§ **PROBLEM DETAILS**
The records below hold a stretch from the line with "Baptist Church Weaverville" through the line with "Kolsuz Dik Yaka"; return exactly those lines, ends included, and nothing more.

___ DATASET RECORDS

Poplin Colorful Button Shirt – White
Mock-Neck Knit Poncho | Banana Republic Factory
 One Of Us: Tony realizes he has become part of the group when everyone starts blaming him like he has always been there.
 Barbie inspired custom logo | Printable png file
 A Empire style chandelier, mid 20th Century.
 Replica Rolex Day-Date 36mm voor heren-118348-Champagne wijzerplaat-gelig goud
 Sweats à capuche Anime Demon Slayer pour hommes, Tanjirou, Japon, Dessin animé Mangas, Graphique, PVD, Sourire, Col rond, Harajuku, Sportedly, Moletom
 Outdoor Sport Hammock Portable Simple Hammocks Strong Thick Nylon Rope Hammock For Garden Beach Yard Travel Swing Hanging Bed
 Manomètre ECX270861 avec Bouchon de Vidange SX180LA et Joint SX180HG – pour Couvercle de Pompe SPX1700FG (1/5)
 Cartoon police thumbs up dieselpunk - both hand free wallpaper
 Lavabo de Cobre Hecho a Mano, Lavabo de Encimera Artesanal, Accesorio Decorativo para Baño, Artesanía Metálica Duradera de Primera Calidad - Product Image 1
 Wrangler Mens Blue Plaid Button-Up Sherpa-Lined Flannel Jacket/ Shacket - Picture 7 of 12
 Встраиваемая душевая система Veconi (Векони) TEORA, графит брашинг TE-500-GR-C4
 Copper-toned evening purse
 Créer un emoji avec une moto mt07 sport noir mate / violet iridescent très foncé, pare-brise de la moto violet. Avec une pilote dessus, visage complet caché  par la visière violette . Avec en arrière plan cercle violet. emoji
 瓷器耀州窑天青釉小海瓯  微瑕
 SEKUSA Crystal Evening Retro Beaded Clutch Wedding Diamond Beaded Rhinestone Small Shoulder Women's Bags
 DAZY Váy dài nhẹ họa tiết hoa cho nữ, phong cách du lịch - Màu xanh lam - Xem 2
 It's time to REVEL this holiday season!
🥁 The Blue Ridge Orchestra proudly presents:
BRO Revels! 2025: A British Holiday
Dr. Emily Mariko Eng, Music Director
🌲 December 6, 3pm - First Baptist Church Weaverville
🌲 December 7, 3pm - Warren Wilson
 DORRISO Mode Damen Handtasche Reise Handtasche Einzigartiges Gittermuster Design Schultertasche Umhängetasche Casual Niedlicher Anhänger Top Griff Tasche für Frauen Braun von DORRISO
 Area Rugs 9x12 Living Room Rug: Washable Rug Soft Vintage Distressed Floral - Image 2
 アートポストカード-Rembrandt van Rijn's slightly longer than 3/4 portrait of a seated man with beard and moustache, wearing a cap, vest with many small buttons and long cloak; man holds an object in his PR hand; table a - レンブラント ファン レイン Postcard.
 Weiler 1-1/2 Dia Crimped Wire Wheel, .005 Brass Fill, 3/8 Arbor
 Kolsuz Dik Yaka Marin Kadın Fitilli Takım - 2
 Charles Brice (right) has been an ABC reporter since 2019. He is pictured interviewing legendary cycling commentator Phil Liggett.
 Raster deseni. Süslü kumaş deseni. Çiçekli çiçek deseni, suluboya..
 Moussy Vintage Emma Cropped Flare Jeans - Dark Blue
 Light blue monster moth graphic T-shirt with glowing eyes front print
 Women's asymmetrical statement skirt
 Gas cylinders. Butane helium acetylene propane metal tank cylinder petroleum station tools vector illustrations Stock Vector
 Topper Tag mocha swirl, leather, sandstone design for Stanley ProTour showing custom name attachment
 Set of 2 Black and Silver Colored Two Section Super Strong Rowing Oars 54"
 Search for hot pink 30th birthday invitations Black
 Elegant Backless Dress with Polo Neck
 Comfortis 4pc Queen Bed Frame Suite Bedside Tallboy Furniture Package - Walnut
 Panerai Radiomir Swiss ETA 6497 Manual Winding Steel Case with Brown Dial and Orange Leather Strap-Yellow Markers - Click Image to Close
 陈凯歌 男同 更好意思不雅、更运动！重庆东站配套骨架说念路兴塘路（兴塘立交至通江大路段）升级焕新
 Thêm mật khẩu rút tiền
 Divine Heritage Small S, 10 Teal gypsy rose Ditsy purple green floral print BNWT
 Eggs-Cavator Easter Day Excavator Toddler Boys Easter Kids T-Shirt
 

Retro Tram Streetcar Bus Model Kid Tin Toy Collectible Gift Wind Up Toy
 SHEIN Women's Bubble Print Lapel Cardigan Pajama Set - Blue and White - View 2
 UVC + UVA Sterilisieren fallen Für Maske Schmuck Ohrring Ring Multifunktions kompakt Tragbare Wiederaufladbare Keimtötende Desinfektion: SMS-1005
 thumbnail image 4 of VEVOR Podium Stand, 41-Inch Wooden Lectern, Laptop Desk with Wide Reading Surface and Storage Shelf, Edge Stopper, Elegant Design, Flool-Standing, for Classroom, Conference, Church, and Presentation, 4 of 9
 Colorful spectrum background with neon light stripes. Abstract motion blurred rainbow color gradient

______

§ **RESPONSE AREA**
🌲 December 6, 3pm - First Baptist Church Weaverville
🌲 December 7, 3pm - Warren Wilson
 DORRISO Mode Damen Handtasche Reise Handtasche Einzigartiges Gittermuster Design Schultertasche Umhängetasche Casual Niedlicher Anhänger Top Griff Tasche für Frauen Braun von DORRISO
 Area Rugs 9x12 Living Room Rug: Washable Rug Soft Vintage Distressed Floral - Image 2
 アートポストカード-Rembrandt van Rijn's slightly longer than 3/4 portrait of a seated man with beard and moustache, wearing a cap, vest with many small buttons and long cloak; man holds an object in his PR hand; table a - レンブラント ファン レイン Postcard.
 Weiler 1-1/2 Dia Crimped Wire Wheel, .005 Brass Fill, 3/8 Arbor
 Kolsuz Dik Yaka Marin Kadın Fitilli Takım - 2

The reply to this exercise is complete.